So, how do you begin the work day?
Perhaps you dive in to check emails first thing. Or you might scroll through your Twitter feed.
The seminar, “Cultivating Mindful Focus in the Workplace,” concludes that the primary distractions for workers on the job are email and social media.
Not a big surprise.
Do you know workers are bogged down with information equal to 174 newspapers each day? Here are more distracting facts that made us sit up and listen:
- Almost 50% of the time we are not paying attention and experiencing dissatisfaction at work
- Every three minutes we are interrupted on the job
- More than one-third of us are so distracted we cannot get on with our work
So, when our minds are wandering, we are less productive and less happy.
What’s the solution? Be more mindful.
Experts with the UW-Madison School of Medicine and Public Health and the Center for Professional Development at the Wisconsin School of Business tell us that being mindful starts here:
- On overload? Take a break. Stop, drop what you are doing and be in the moment. Sounds simple, but if you are constantly running on all cylinders, this might take some effort.
- Breathe. Personal management starts with this basic element of our daily lives. Pause for two minutes to create space and calmness around you.
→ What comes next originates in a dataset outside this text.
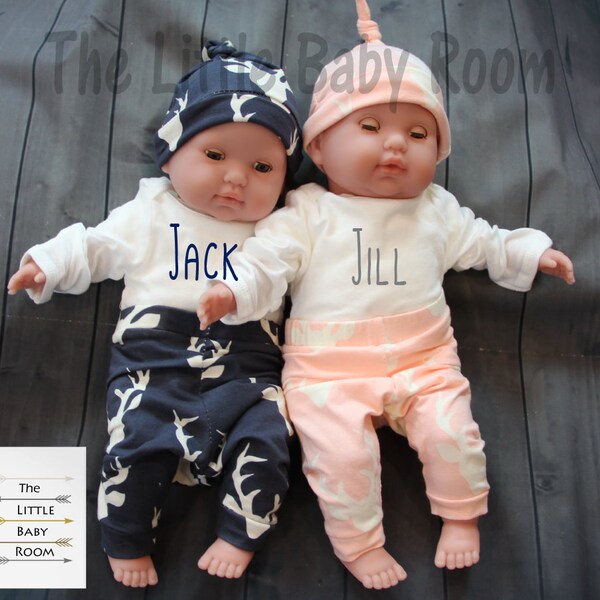 Twins Coming Home Outfit,Preemie Twins,Twin Outfits,Brother Sister,Twin Personalized Onesies,Boy Girl Matching,Boy Girl Set,Twin Pants,Hat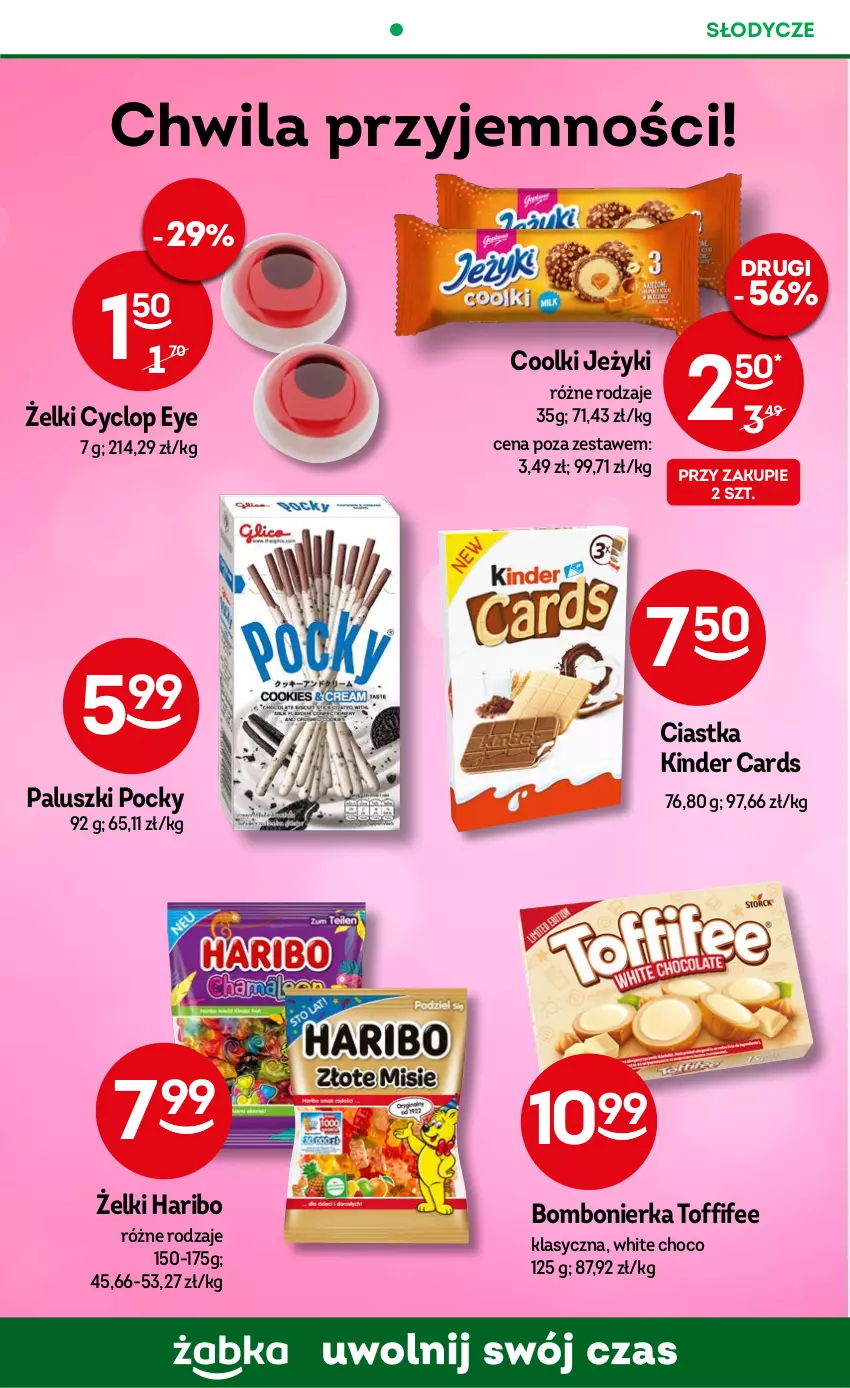 Gazetka promocyjna Żabka - ważna 16.08 do 29.08.2023 - strona 52 - produkty: Ciastka, Haribo, Herbata, Jeżyki, Kawa, Kinder, Toffifee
Then, take three deep breaths at your desk each day BEFORE opening your inbox to build a positive attitude.
We need to pause and learn to breathe. And then consider the 5-3-1 Rule to complement your well-being:
- Be mindful for five minutes each day. Spend this time in meditation. Slow down. Breathe.
- Think of three things that happened – good or bad. At the end of the day, think about and write down the experiences in a journal.
- One random act of kindness. Once a day, compliment someone. Think kind thoughts about another person, wishing them well.
Practicing mindfulness is just like shampoo. Lather. Rinse. Repeat.